Eugene: I think a lot of us have. I get paid very well to drink Kool-Aid.
Carlos: That’s right.
Eugene: That’s it. I’ve got some of the Microsoft stuff right here, it’s real good.
Carlos: Well, so, now having said that, so that– was it 2017?
Carlos: Yeah, okay. So, we have the three organizations, and then you’ve just listed all the cloud– I mean, Hadoop even, is not necessarily– well, I guess it’s kind of in the Microsoft ecosystem, if you will, but they’re not those three companies. So, do we get a sense, or do we have any idea of, what’s been the adoption like so far? Cause one of the things that we kind of chatted about last time was, well, I don’t know ‘if how serious we should take it’, but like how prevalent is it? How much is this going to help me, because like data cleansing, like changing data structures, not easy. Now, if I’m building something, that’s a different story, but I already have my data– I guess a couple of questions here, and I apologize. You can take them as you wish, but are other organizations starting to adopt this? Are you starting to see that in, I don’t know, Twitter or the social media pieces? And then, a follow-up, if you remember is, what do you think about customers, or what kind of guidance are you giving them in terms of, “hey, you should probably start adopting this?”
Tricia: Yes, I am seeing an uptick on adoption for a couple of specific use cases. One, in prototyping, and especially if the customer is using Azure Data Lake Generation2. I guess it’s just Azure Data Lake now; they’ve probably retired Generation1.
Eugene: No, One’s still around. I was doing a course on Event Hubs and you can still write it to Gen1.
Kevin: Yeah, for the three locales where you can actually use Gen1.
Eugene: Oh sure, yeah, yeah. Just because it’s available doesn’t mean it’s available, right?
Tricia: Yeah. That’s right, that’s right. So, in Generation2, Common Data Model and Common Data Services are baked in. So, one of the cool things about Azure Data Lake and using Common Data Model, is that it preserves the data kind of as it is, and it writes out to Excel files in a particular format that includes metadata. So, you can use that same datastore for machine learning or other kinds of AI investigations or reporting that you want to do. As well as consume into Power BI for graphical reporting and dashboarding. So I’ve seen the adoption in the Common Data Model mostly for places that want to protype and show really quick results on data integration and presenting back to end users. Especially if they have adopted the other components of the Power Platform, like Power Apps and dataflows, who rationalize their information. Does that make sense?

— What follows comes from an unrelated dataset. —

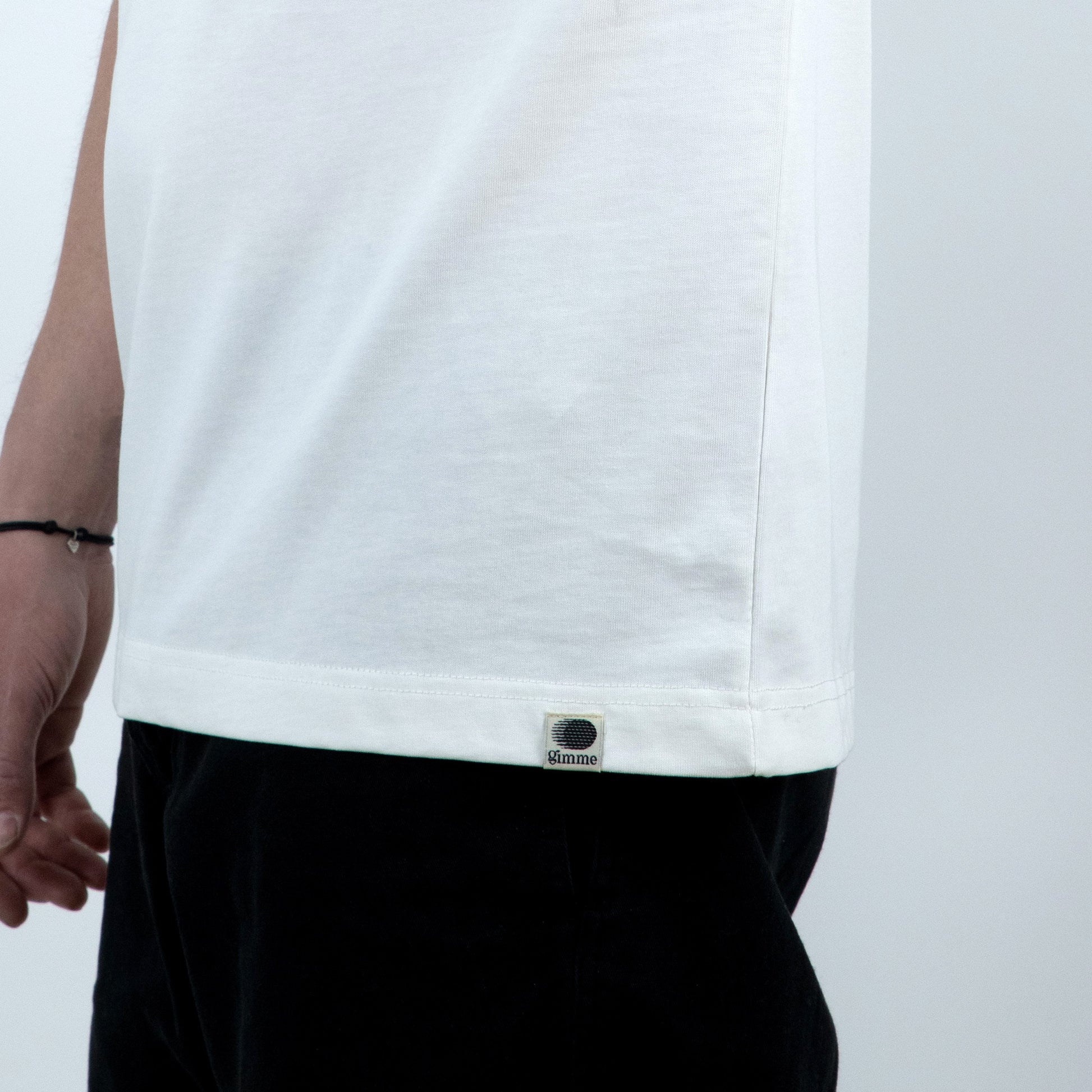 T-shirt Make Ém Smoke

Carlos: So, if we’re building new stuff, then it’s the perfect time to use it, particularly cloud technologies. I mean, is that fair?
Tricia: Absolutely, yes.
Eugene: That makes sense.
Tricia: Yes, absolutely. And like I said, you can do it so quickly. Instead of doing ETL, extract, transform, load, we do extracts, load them into ADLS, then transform and consume on the ingest, and with Power BI and Azure Data Lake, you can do that in days, instead of months.

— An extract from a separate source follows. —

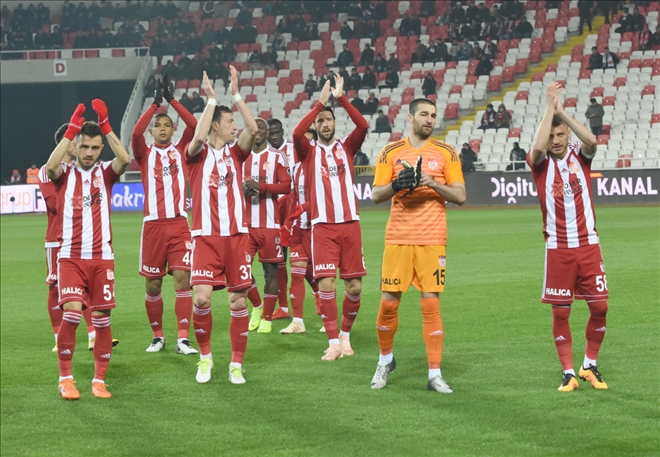 Sivasspor´da Avrupa Planı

Carlos: Sure, because you’re ultimately following the CDM and saying, “hey, here’s how I’m going to partition my data,” and then you have more plug and play, if you will, for the reporting pieces. Okay. That makes sense.
Carlos: So, Eugene, are you going to hop in there, or–
Eugene: You know, I think she was on a roll with things, but I definitely have a bunch of thoughts. It’s interesting. So, whenever that whole announcement about the open data initiative or whatever it was called came out, I wrote blogpost about that and some other things, and I was having like a mid-career crisis; although, I hope my career lasts more than another like 7 years. Because the announcement came out around the same time that I was at the Power Platform Summit when it was in Phoenix, and this was the first time I had seen like, I don’t know, probably like 5000 or 3000 business professionals all in the same building. Like Power BI was this tiny piece, and then you had like Dynamics for miles and miles and miles, and it really opened my eyes to the fact that there’s this whole market of people who are interested in the Power Platform that I just never run into. You know, they’re dark matter to me. I’m used to coming in from the SQL side and like I know what the SQL people want. They want SSRS but better and all this kind of– I get all that, but like CDM, coming from the SQL side, makes no sense. Like, I used to have to support Dynamics Great Plains, and I would ne–
Tricia: That was fun.
Eugene: Yeah, oh yeah, no. Any time I see a Robert Morris license plate, I think it’s a table, because it’s RM and then like 5 digits instead of being receivables management. So, this is my life, right, yeah. And I would never, I would never want to put my ERP system on a non-relational engine. And so, you think about Dynamics Online– I mean, to my understanding, correct me if I’m wrong, but Dynamics Online uses CDM, it uses this as kind of its backing store for the data, and like, as a SQL person, that’s crazy. But as a business user, being able to throw together a model-based power app in minutes and stat implementing business logic without having to pay $60,000 to some outside developer to build something, that’s awesome. And so, when this initial announcement came out, I had a lot of whiplash understanding what this is for. Cause as a former DBA, makes no sense to me, seems crazy, you know?
Tricia: I think you’re getting at a good point, and that is our traditional data people, database administrators, that is going to change a lot. And more and more system administrators are going to take over the data maintenance capabilities and procedures for Azure data management. And I think DBAs are going to shift more into being either data analysts or data scientists. You know, that seems to be the way that we’re trending now.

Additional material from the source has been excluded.